╭──
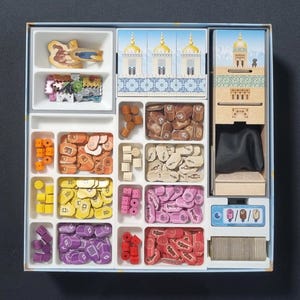 May include: A white plastic organizer with multiple compartments filled with colorful game pieces. The organizer has a blue and white design with a picture of a building on the front. The game pieces include small wooden pieces, plastic tiles, and dice.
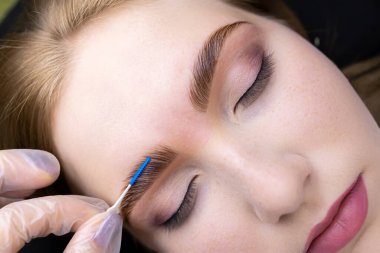 Beyaz eldivenli bir ustanın kompozisyonlarıyla kapladıktan sonra odunların makro fotoğraflanması saçların uzamasına göre kaşları tarar.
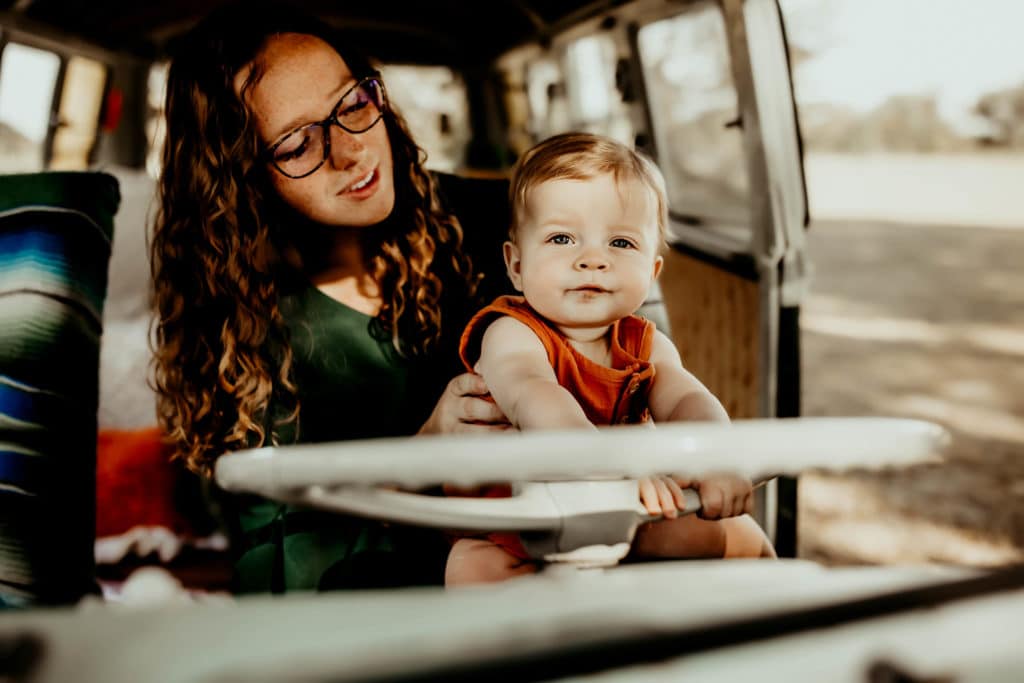 Mother and son sitting in a vintage VW Van driver seat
╰──
** Problem statement **
Your answer must be the exact lines from the start of the data through the line with "Beyaz eldivenli bir", inclusive, and nothing else; pictures do not belong in it.

** Written answer **
 May include: A white plastic organizer with multiple compartments filled with colorful game pieces. The organizer has a blue and white design with a picture of a building on the front. The game pieces include small wooden pieces, plastic tiles, and dice.
 Beyaz eldivenli bir ustanın kompozisyonlarıyla kapladıktan sonra odunların makro fotoğraflanması saçların uzamasına göre kaşları tarar.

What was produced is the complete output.